C’est pour cela que la question de l’avenir au sens large des salles est un sujet de débat qui me laisse relativement froid parce que je suis trop loin (géographiquement) pour en sentir la chaleur. Il ne s’agit pas de dire que les cinémas devraient disparaitre, loin de là. Ce sont des endroits magiques qui doivent continuer d’exister mais tant qu’on continuera notamment de prendre ce sujet par le prisme parisien (ou citadin) et que le secteur dans son intégralité continuera d’établir des “bonnes” et des “mauvaises” façons de découvrir un film en se plaçant toujours sur un plan idéologique, on ne répondra pas à la bonne question.

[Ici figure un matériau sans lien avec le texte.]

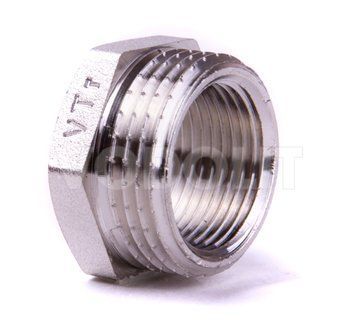 футорка резьбовая DN 25 x 20 НР.-ВН., Valtec, никель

Parce que l’atout numéro 1 de la SVOD et des plateformes, contre lequel les cinémas ne peuvent structurellement pas s’aligner (en tous cas hors de Paris et des grandes villes), est que, que vous soyez en Corse ou à Paris, dans l’Est ou en Bretagne, l’accès aux films est uniforme partout sur le territoire, à la même date. Pouvoir regarder un film en même temps que les autres où que l’on soit en France ne serait-il pas aussi une certaine forme d’”expérience collective” qu’il faudrait relever ?
Allez, on se retrouve mercredi avec le programme normal de cette newsletter et l’étude des audiences Netflix de la semaine écoulée ! Bon début de semaine.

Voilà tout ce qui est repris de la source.